I am changing my rhetoric, but the vision remains the same, when accounting for a usual rate of improvement. As I have championed anarchism already, however, and in my never ending quest to be complete, I have of recent been reading more widely from the statist traditions, and have been considering their positions as they may apply to the administration of a free society. Many of the improvements heretofore will likely take specific suggestions from these traditions, having largely exhausted research into the anarchist ones, and modify them to our purpose. The goal is not to create a bad government, but to inform our position of state strategies, which we may wish to adopt toward ambiarchist ends as policies of associations.
Now, as to anarchism: It attracts the socially inept. I do not know what it is about the philosophy–whether the moniker does the real damage, that those who need it most are most psychologically damaged from not having it, if there was a conspiracy to ruin anarchism, or what have you–, but it is fair to say that anarchism does not attract the successful, the influential, or honorable, except in rare and bright occurrences (which do however shine more loudly than anywhere else, giving anarchism the little social currency it has).
Indeed, there are classist reasons for much of anarchy’s advocation demographic, but I’d have to suggest that, even among the workers, the successful among them rarely hold the welfare state to be at odds with their goals. It attracts the marginal from both ends of the bell curve, the extremes of short-sighted and far-sighted, always socially impractical, or so it seems. To be an anarchist, one must think too much, or not at all. One must not fit in.
Again, having read the philosophy behind the vision, I do not see the work of Proudhon, Bakunin, or even Kropotkin as being responsible for the problems of anarchists. Proudhon and Bakunin had both been Freemasons, which one cannot be without doing some work on oneself and in one’s craft. These were not idle losers or dreaming complainers, but actors upon reality. Proudhon upheld law and saw order arising from liberty. Bakunin supported the organization of workers into federations of collectives, Kropotkin into communes. But the anarchist of today is not about building anything, only removing. What fools!

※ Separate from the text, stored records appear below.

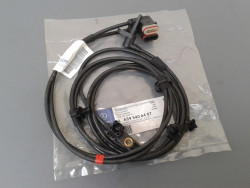 Drehzahlsensor hinten rechts Vito W639 A6395406407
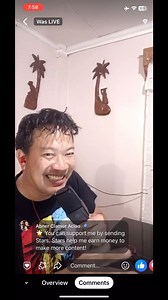 7.9K views · 340 reactions | A night of REFRAIN ☕ #music #love #night #goodvibes #followersreels #reelschallenge | Abner Clamor Aclao | Facebook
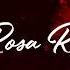 Rosa Ree That Gal Official Video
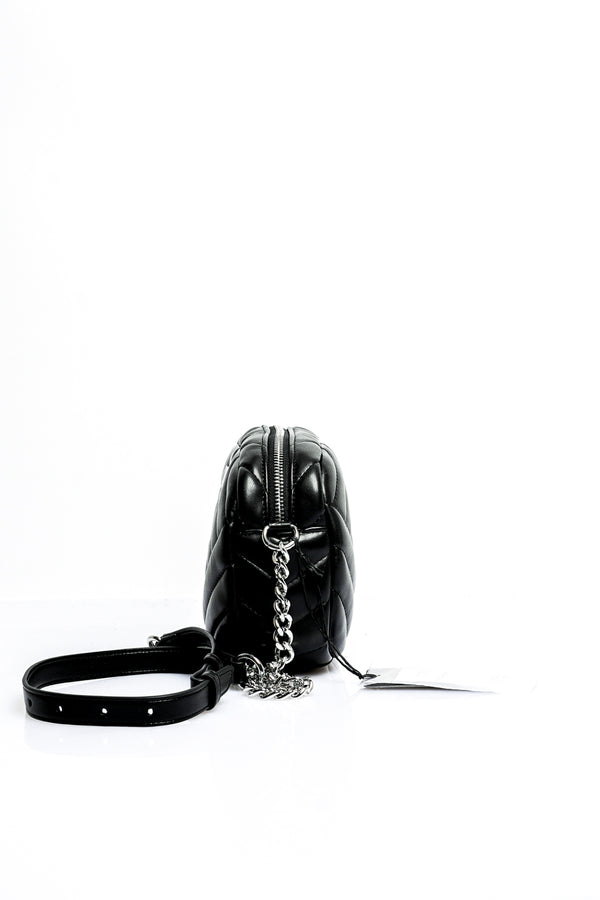 Borsa Donna Armani Exchange 949158 4R742 00020 949158 4R742 00020 Armani Exchange 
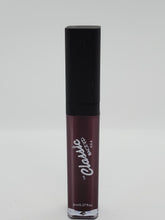 Load image into Gallery viewer, Duke Classic Makeup 24 hr long lasting lip gloss
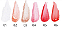 Gloss LG40514 - Febella - Imagem 2
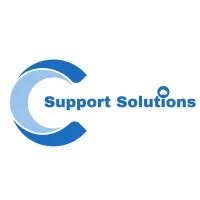 C-Support Solutions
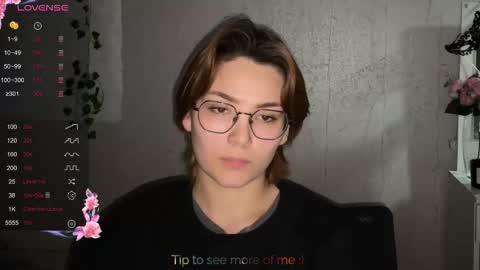 Ksenia online show from 01.09.26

Social anarchists such as Proudhon, Bakunin, and Kropotkin understood the necessity of organization in abolishing bad government. Yet, they came up to the same hurdles that I do today. The workers simply don’t care. They have a will to bondage and voluntary servitude, as Etienne de la Boetie so clearly pointed out before them still.
Among the places where glimpses of organized anarchy are strongest, we find a culture to prop such organized attempts up from below. Mondragon Cooperative in Spain, for instance, despite its shortcomings, is an important example for cooperative production, and owes its existence to the anarchic culture that lasted past the Spanish Civil War long enough to support the cooperative. In the United States, such a model will have a much more difficult time getting up and running.
Cooperation implies initiative. Anarchy implies initiative. Yet, at least in the United States, people treat anarchy and cooperation as the removal of something, rather than their participation in something. For instance, people assume that not having a boss means nobody does the work the employer used to do– of organizing, filing, ordering, securing, planning, etc.– instead of everyone taking responsibility for delegation of that work. These anarchists lack confidence and initiative to act, creating a tragedy of the commons.
These acts are not inspired by the words of their heroes, but because of their assumptions about the words and positions taken, which they have not rightly considered. Unfortunately, these assumptions, when well enough combined, seem to have a gravity stronger than the actual words of the founding thinkers of anarchism, and begin to redefine the momentum and movement itself. Anarchy today doesn’t put into the mind an international confederation of common people, which can abolish the state through sheer force of organizational capacity, but the removal of the government by… who the hell knows what? Ranting on the internet with no follow-through? Buying things with corporate cryptocurrency?
Anarchists I talk to are always afraid of taking a positive form. Ask them what their ideal society would look like and generalities abound, but ask about the specifics and there is the same old lack of confidence in the form to be taken.
Crickets.
This leads me to believe these anarchists still just want to follow a pack, but a non-existing one of their unformed-fantasy flavor, and don’t have an alternative they’d prefer, but just like to complain about what someone else has already achieved. If they’re not ready to try to govern themselves, create their own structures, I’m not sure why they complain about the government. It seems suicidal, and they’re holding me back.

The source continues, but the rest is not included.